His first exhibitions date back to 1960, mostly linked to a Pop-style figuration within the so-called Scuola di Pistoia.
In 1962, he exhibited his Necrologio. In Rome, he met Cesare Vivaldi, who invited him to participate in the exhibition Revort I - Documenti d'arte Oggettiva in Europa, in Palermo in 1965. During this period, Roberto Barni became interested in a type of minimalist-conceptual experience, which he later moved beyond when, with a symbolic artwork, Resurrezione of 1972 (10 years after exhibiting his necrologio), he returned to history and painting. From 1966 to 1973, he exhibited at the Zoom Studio in Pistoia, at Flori in Florence, at the Selected Artist Galleries in New York, at Van de Loo in Munich, and at Charles Lienhrd in Basel.
In 1976, he uses the term anachronism for the first time, asserting that the artist must have a vision of art that escapes the concept of time: it is not conditioned by it or by the techniques and materials of contemporaneity. Some critics like Italo Mussa, Maurizio Calvesi, and Marisa Vescovo begin to promote this artistic vision, but Roberto Barni does not want to be associated with a particular movement, preferring personal exploration.

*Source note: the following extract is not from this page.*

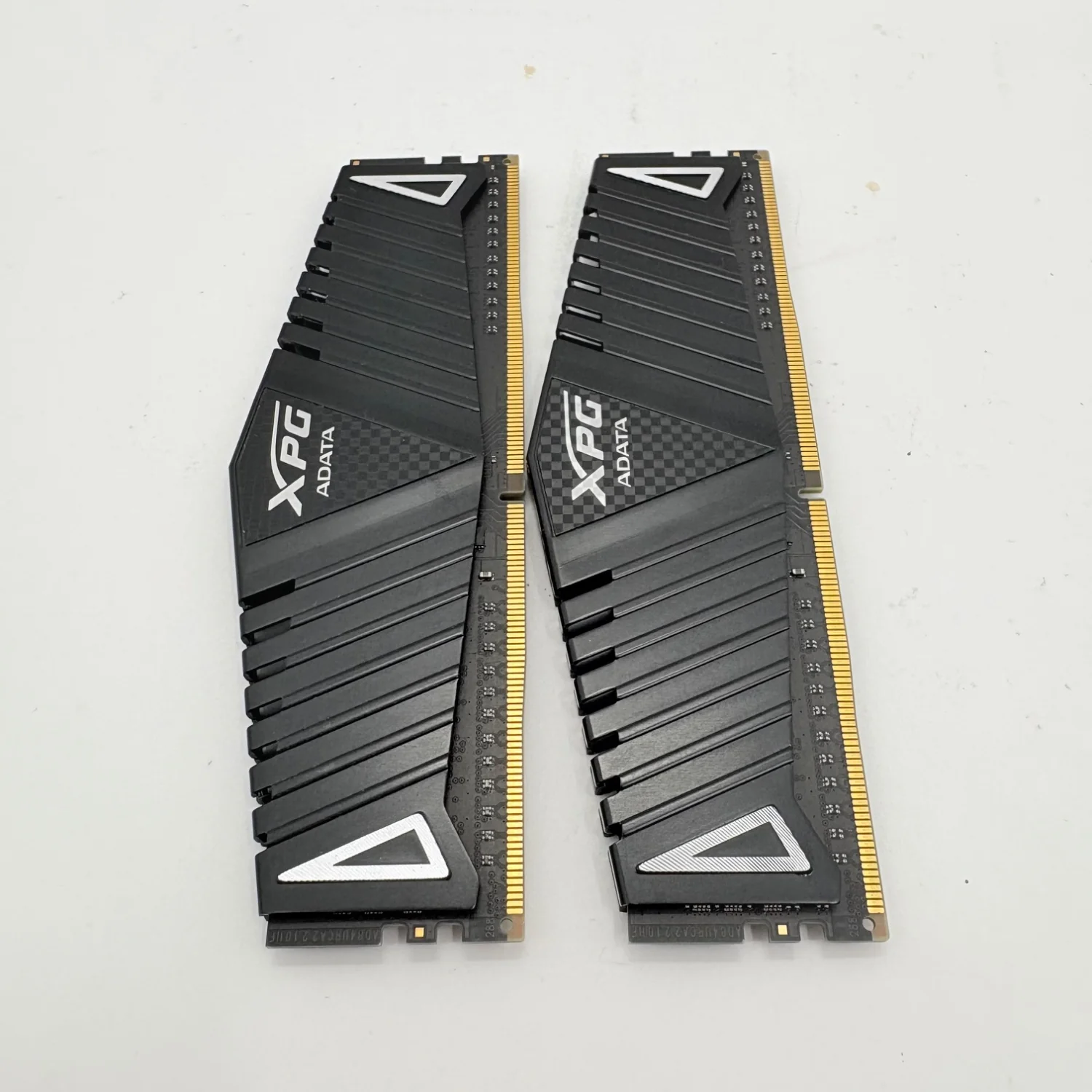 ADATA XPG 16GB (2x8GB) RAM DDR4 3200MHz - Image 3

From 1980 to 1983, Roberto Barni executed the iconographic cycle Paternity. During the same period, he painted a series of canvases from the series The Adventures of Domestic Thought, in which the man with blindfolded eyes appears for the first time, a fundamental element of human conflict and a key character in Barni's poetic journey.
In these years, the exhibition activity and the fame of the Pistoian artist increase significantly, leading him to exhibit not only in Italy but also in major European cities and in America.
In the early eighties, he exhibited at the Festival dei due Mondi in Spoleto, in Florence, in Milan at the Galleria d'Arte dell'Ariete, in Paris, and in 1985 in New York at the Queens Museum and the Shape Gallery. From this moment on, Barni's contacts with the United States would never cease: the artist participated in major international exhibitions such as A new Romanticism in Washington D.C. and Ohio, Avant-garde in the Eighties at the County Museum in Los Angeles. In Europe, he participated in the Venice Biennale as a sculptor in 1988, and in the Monte Carlo Sculpture Biennale. During this period, Roberto Barni began to devote himself more and more to sculpture and created the works: Atto muto, Filastrocca, Vacina, Opposte Vedute.
In 1997, he exhibits at Palazzo Fabbroni and the Museum of Fine Arts in Budapest, in 1999 at the Museum of Fine Arts in Reims.
The collective Fermentazioni with Antonino Bove, Giuseppe Chiari, Omar Galliani, and Marco Nereo Rotelli at the Palazzo Ducale di Lucca dates back to 2000.
From 1999 to 2000, he created several sculptures, including Continuo for the Daniel Spoerri collection in Seggiano and La grande Vacina for the Museo Pecci di Prato.
In 2001, he collaborated with Alessandro Bagnai and Alessandro Poggiali, presenting works in Florence and Siena. In 2002, he participated in group exhibitions such as Something Happened at the Slovak National Gallery in Bratislava, The Modernity of Melancholy at the Palazzo della Ragione in Verona.
Currently, Roberto Barni lives and works in Florence, continuing to exhibit in Italy and the rest of the world.